PROBLEM TO SOLVE: Wherever the line that contains "Preview for 3" falls, repeat it and the lines after it exactly until the records end, without any pictures.

THE INPUT:
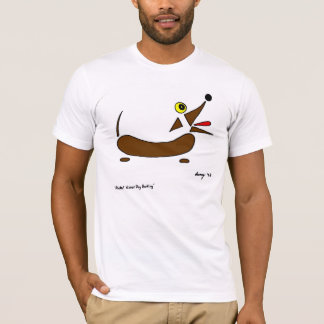 Abstract Wiener Dog Adult Bella Canvas T-Shirt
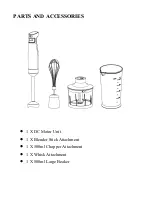 Preview for 3 page of iCucina HB2239 User Manual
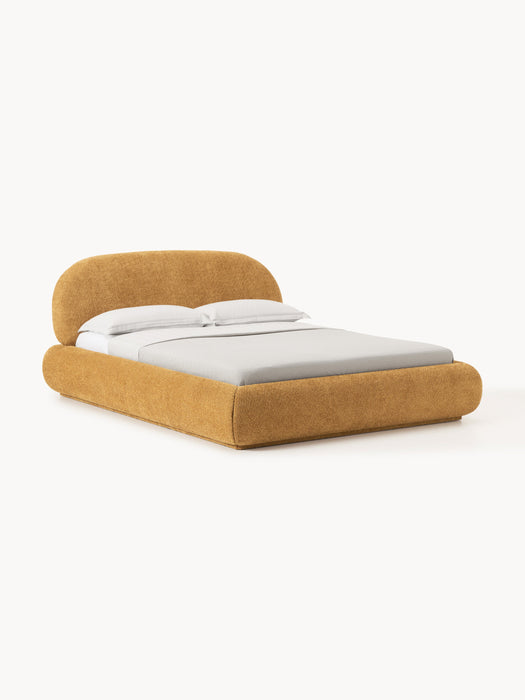 Upholstered Teddy Boucl Bed Alba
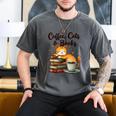 Coffee Cats And Books Lover For Women & Girls Coffee Men's Comfort Colors T-Shirt Pepper
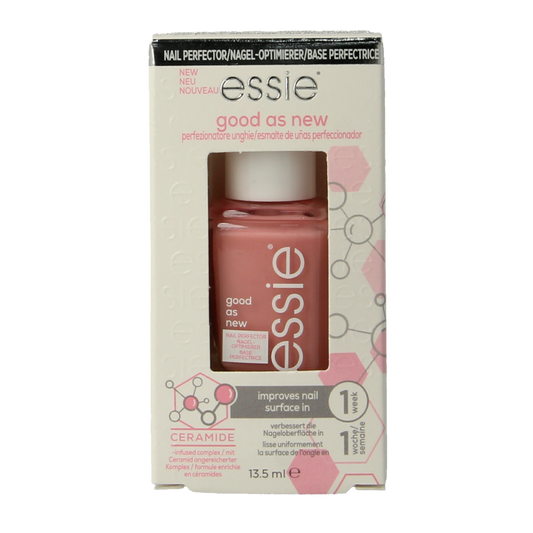 Essie Good as New Nail Polish in 13.5ml bottle, vibrant make-up product with a sleek design, perfect for a flawless manicure.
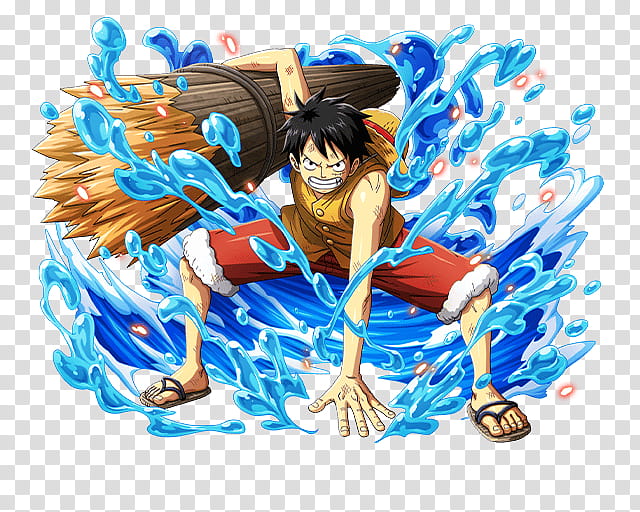 Download Monkey D Luffy Transparent Background HQ PNG Image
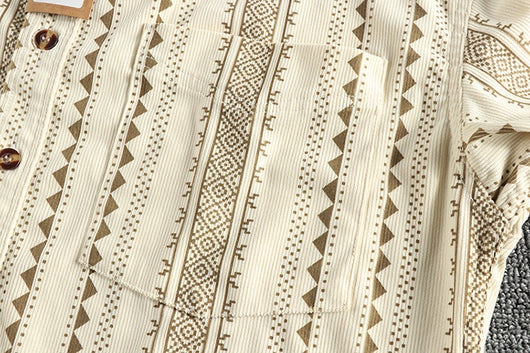 Camisa Casual Hombre Estilo Navajo Retro Americano - Image 19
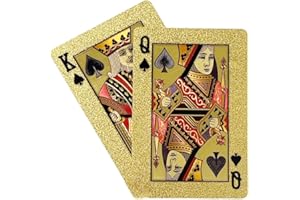 GIANT PANDA TRADING Gold Diamond Playing Cards - Durable and Waterproof, Perfect for Magic, Poker, Parties, and Special Occasions. Ideal for Memorable Gifts. (1 Deck)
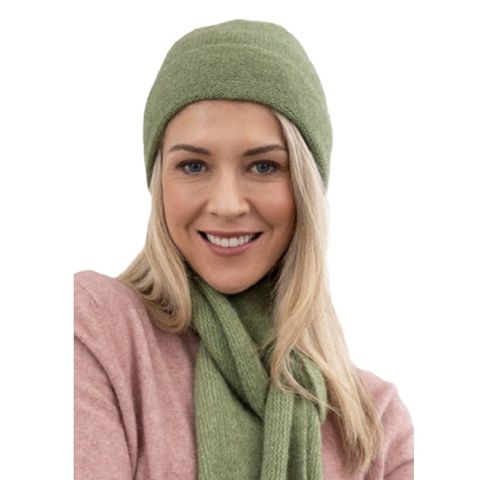 Native World Plain Beanie Pistachio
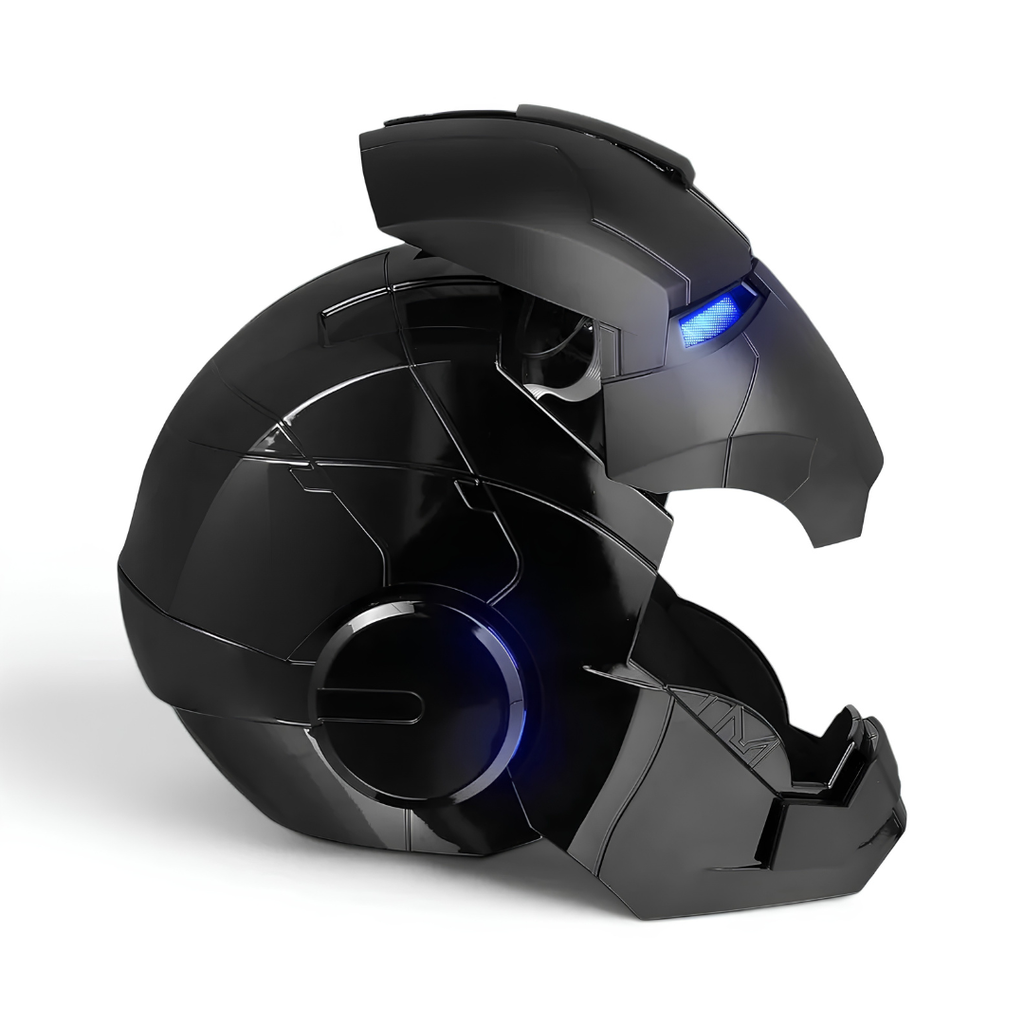 Matte Black Iron Man MK5 Helmet (With Jarvis - Voice, Remote, and Touch Control)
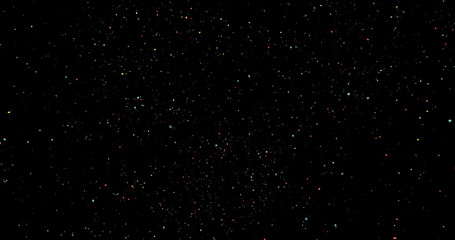 Fireworks on a black background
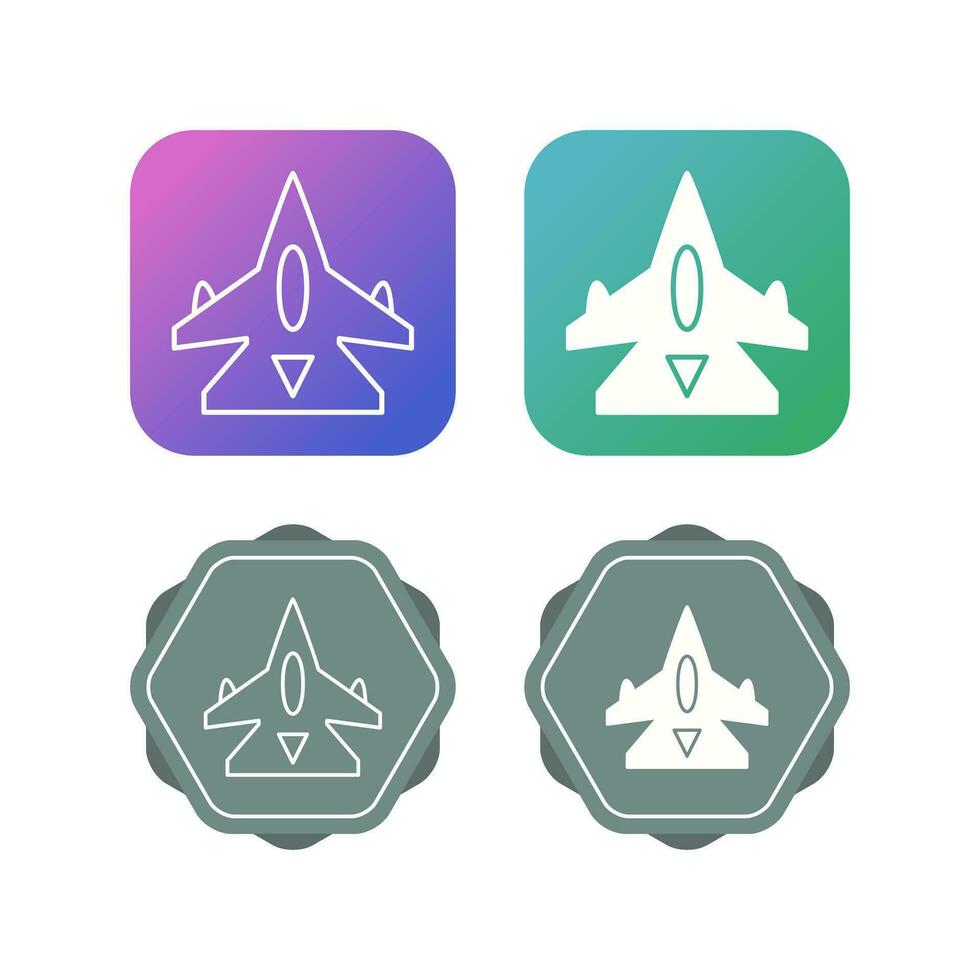 Fighter Jet Vector Icon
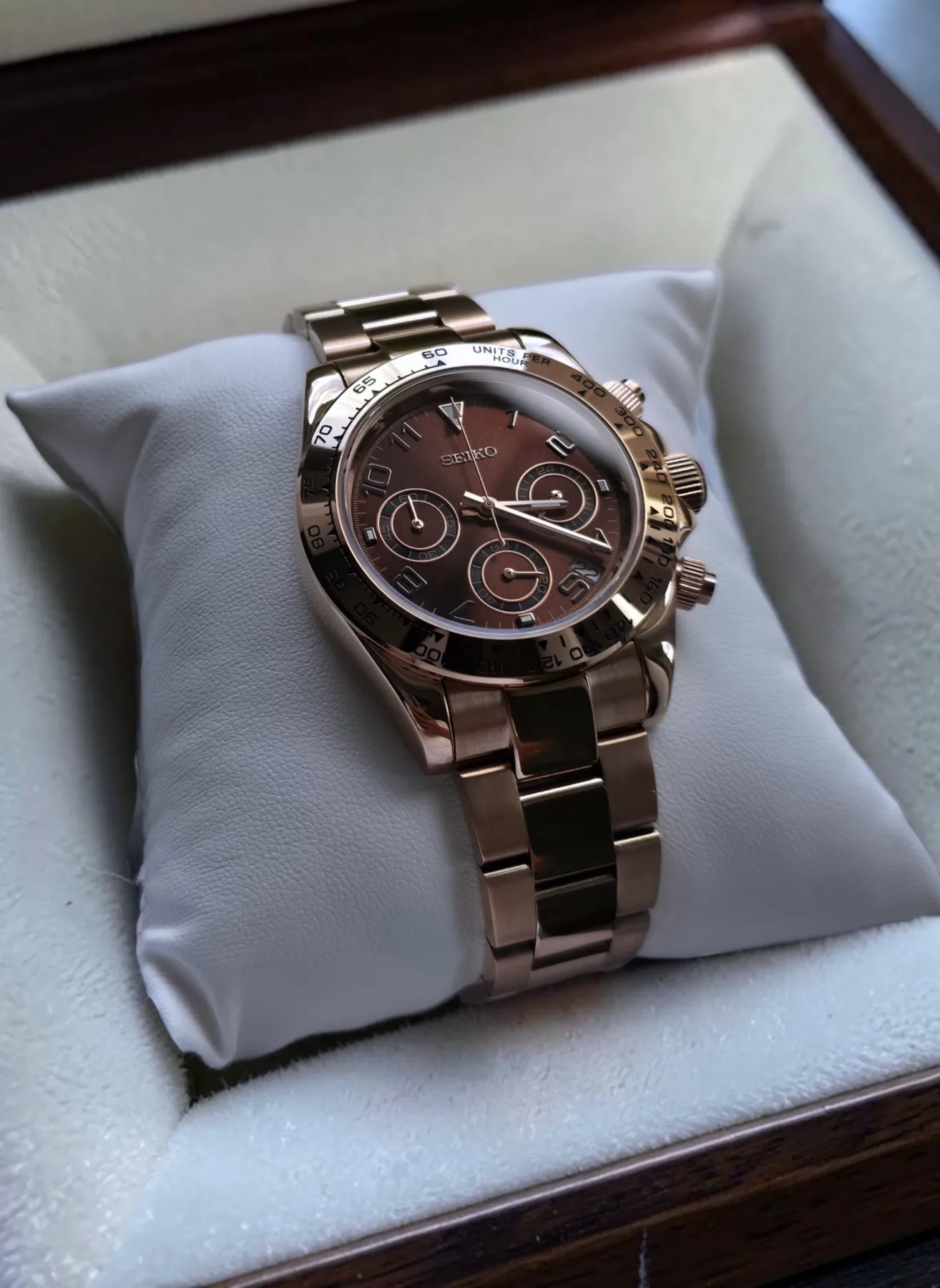 Seiko Mod Daytona Or Rose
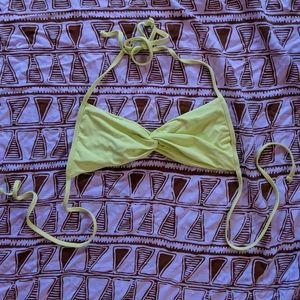 L*Space Twister Bikini Top (S) 🍋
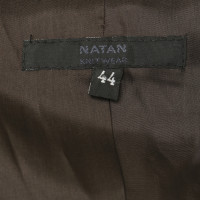 Natan Fluwelen jas in bruin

WORKED SOLUTION:
 Preview for 3 page of iCucina HB2239 User Manual
 Upholstered Teddy Boucl Bed Alba
 Coffee Cats And Books Lover For Women & Girls Coffee Men's Comfort Colors T-Shirt Pepper
 Essie Good as New Nail Polish in 13.5ml bottle, vibrant make-up product with a sleek design, perfect for a flawless manicure.
 Download Monkey D Luffy Transparent Background HQ PNG Image
 Camisa Casual Hombre Estilo Navajo Retro Americano - Image 19
 GIANT PANDA TRADING Gold Diamond Playing Cards - Durable and Waterproof, Perfect for Magic, Poker, Parties, and Special Occasions. Ideal for Memorable Gifts. (1 Deck)
 Native World Plain Beanie Pistachio
 Matte Black Iron Man MK5 Helmet (With Jarvis - Voice, Remote, and Touch Control)
 Fireworks on a black background
 Fighter Jet Vector Icon
 Seiko Mod Daytona Or Rose
 L*Space Twister Bikini Top (S) 🍋
 Natan Fluwelen jas in bruin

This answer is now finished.